So, I'm stuck with the algebra for the nth number on the Fibonacci sequence in here.
I managed to get to the part where $G(x) = \frac{x}{1-x-x^2}$ $=$ $\frac{x}{(1-\alpha x)(1-\beta x)}$, and I know that this can be written in the form of $\frac{A}{1-\alpha x} + \frac{B}{1-\beta x}$ which is going to get me to $\frac{\alpha^n - \beta^n}{\sqrt{5}}$, where $\alpha = \frac{1+\sqrt{5}}{2}$ and $\beta = \frac{1-\sqrt{5}}{2}$.
I just don't know how I can algebraically manipulate $\frac{x}{(1-\alpha x)(1-\beta x)}$ to $\frac{A}{1-\alpha x} + \frac{B}{1-\beta x}$.
Hopefully it's not something very obvious.
Sorry if bad english and if I assumed some wrong relation.

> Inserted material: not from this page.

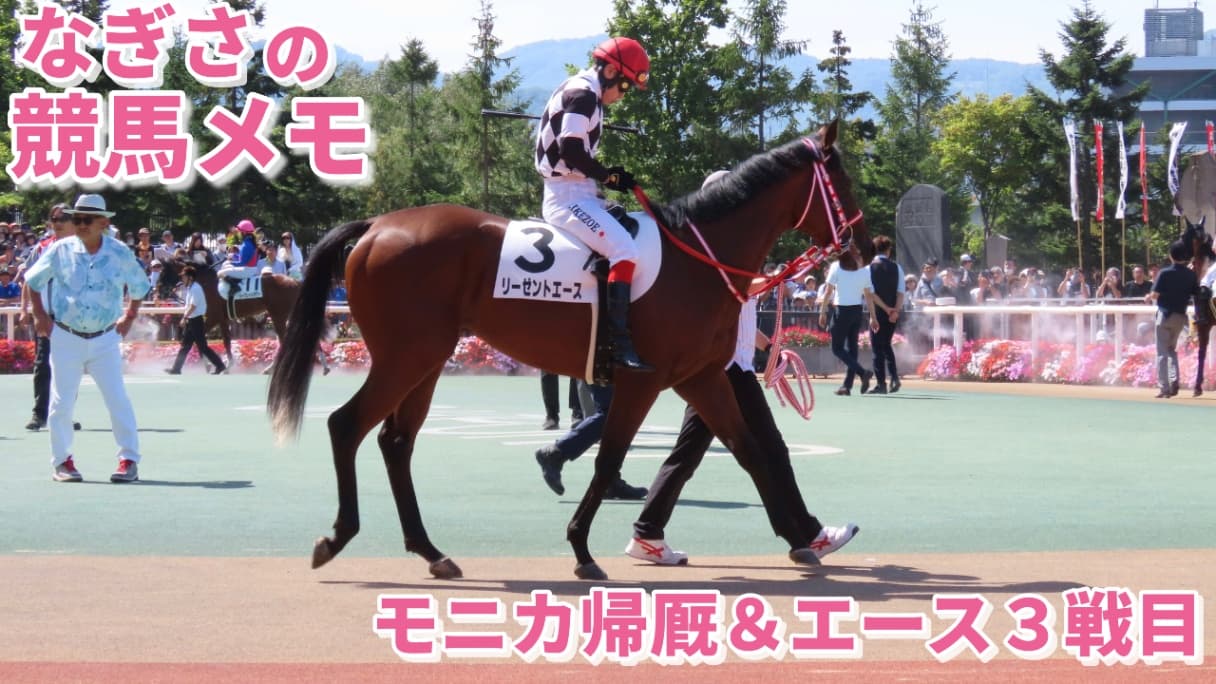 【なぎさの競馬メモ】モニカ帰厩＆エース３戦目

You actually do know how to manipulate $\frac{x}{(1-\varphi x)(1-\Phi x)}=\frac{A}{1-\varphi x}+\frac{B}{1-\Phi x}$, because all of the manipulations required are from elementary algebra: clear denominators and expand using the distributive property. Then you just have to equate coefficients (constant and linear terms).
This procedure generalizes in a big way; search for partial fraction decomposition.